Contribution to RPS Minimum Quantity Requirements for Short-term Contracts with Existing Facilities

D.07-05-028 established a "minimum quantity" condition on the ability of utilities to count an eligible short-term contract with an existing facility for compliance with the RPS program.12 In the calendar year that a short-term contract with an existing facility is executed, the utility must also enter into long-term contract(s) or contract(s) with new facilities equivalent to at least 0.25% of the utility's previous year's retail sales.

These PPAs are considered long-term contracts because they are for more than 10 years in length, and the facilities that are to deliver energy pursuant to the PPAs are considered new because they will begin commercial operation after January 1, 2005. Therefore, the SPS PPAs will contribute to PG&E's minimum quantity requirement established in D.07-05-028.

Compliance with the Interim Greenhouse Gas Emissions Performance Standard (EPS)

California Pub. Utils. Code §§ 8340 and 8341 require that the Commission consider emissions costs associated with new long-term (five years or greater) power contracts procured on behalf of California ratepayers.

D.07-01-039 adopted an interim EPS that establishes an emission rate quota for obligated facilities to levels no greater than the greenhouse gas (GHG) emissions of a combined-cycle gas turbine power plant. The EPS applies to all energy contracts for baseload generation that are at least five years in duration.13

The PPA complies with the EPS established in D.07-01-039 because it concerns a renewable facility with a capacity factor less than 60 percent.

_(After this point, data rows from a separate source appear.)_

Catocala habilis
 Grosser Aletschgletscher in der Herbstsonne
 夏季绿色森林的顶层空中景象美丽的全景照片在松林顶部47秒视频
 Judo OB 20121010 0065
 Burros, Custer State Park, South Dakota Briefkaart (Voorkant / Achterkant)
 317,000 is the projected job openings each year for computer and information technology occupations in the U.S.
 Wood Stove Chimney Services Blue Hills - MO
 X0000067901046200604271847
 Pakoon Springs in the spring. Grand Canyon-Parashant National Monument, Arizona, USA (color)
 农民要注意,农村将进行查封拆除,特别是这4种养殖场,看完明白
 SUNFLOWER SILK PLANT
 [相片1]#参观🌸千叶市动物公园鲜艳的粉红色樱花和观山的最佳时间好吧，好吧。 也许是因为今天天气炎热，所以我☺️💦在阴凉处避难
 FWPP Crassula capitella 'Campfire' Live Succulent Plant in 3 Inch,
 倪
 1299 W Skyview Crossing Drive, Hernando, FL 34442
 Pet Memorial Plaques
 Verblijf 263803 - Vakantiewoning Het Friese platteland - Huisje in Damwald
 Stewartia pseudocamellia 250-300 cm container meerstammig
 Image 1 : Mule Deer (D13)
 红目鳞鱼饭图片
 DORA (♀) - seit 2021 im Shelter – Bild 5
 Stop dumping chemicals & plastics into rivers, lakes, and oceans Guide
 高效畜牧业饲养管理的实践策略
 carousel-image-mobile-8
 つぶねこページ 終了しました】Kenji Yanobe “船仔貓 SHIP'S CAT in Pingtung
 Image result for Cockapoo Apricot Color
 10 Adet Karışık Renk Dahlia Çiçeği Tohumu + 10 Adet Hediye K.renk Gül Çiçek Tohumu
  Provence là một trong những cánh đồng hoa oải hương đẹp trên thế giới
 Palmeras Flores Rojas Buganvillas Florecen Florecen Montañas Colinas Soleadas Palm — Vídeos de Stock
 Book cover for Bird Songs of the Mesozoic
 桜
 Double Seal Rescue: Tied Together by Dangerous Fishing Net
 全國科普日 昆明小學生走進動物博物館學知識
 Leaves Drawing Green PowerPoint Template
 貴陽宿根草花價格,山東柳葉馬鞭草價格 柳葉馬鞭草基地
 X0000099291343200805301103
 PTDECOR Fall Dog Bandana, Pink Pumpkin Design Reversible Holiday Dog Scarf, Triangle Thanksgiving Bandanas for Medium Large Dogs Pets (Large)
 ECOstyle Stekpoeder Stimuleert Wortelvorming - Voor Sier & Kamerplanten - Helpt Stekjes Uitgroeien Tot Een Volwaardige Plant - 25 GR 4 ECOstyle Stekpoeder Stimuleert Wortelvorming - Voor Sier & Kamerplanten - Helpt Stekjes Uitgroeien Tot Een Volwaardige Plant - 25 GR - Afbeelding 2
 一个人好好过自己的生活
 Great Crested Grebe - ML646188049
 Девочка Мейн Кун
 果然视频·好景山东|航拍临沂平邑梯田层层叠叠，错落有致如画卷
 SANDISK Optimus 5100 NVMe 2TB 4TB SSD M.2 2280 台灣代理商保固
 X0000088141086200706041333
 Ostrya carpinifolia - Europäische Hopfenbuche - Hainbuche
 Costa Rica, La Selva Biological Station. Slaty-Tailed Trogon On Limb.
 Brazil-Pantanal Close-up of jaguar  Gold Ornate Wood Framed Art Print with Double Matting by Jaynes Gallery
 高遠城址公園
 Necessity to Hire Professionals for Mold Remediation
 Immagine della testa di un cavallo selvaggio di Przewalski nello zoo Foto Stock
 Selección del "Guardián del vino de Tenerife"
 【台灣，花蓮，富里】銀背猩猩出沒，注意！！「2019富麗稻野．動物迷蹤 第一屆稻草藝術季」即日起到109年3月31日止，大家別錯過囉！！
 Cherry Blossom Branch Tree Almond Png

Project viability assessment and development status

PG&E believes the SPS projects are viable and will be developed according to the terms and conditions in the PPAs. PG&E evaluated the viability of the projects using the Commission-approved Project Viability Calculator, which uses standardized criteria to quantify a project's strengths and weaknesses in key areas of renewable project development. The confidential work papers for AL 3613-E included a comparison of the project viability scores relative to all bids PG&E received in its 2009 RPS solicitation and all shortlisted projects. Additionally, the IE Report states that the Alpaugh project ranks moderate in project viability and that the four 20 MW projects rank high in project viability.14

The SPS PPAs identify agreed-upon project milestones, including the construction start date and commercial operation date. The seller's obligations to meet these milestones are supported by performance assurance securities. PG&E asserts that the project development plans allow for all milestones to be achieved. PG&E provided the following information about the projects' developer and development status:

Site Control

PG&E represents that the developer has secured site control for each of the five project sites. SPS has 35 year lease agreements with the Alpaugh Irrigation District and Atwell Irrigation District.15

Resource and/or Availability of Fuel

PG&E represents that the solar resource is sufficient such that SPS is able to satisfy the terms and conditions of the PPAs. The projects do not require supplemental gas powered electrical generation facilities as backup.

Transmission

The delivery points for all the projects are within the CAISO interconnection area. Each project will require interconnection facilities to be built. Further confidential information concerning transmission for the projects is discussed in Confidential Appendix A.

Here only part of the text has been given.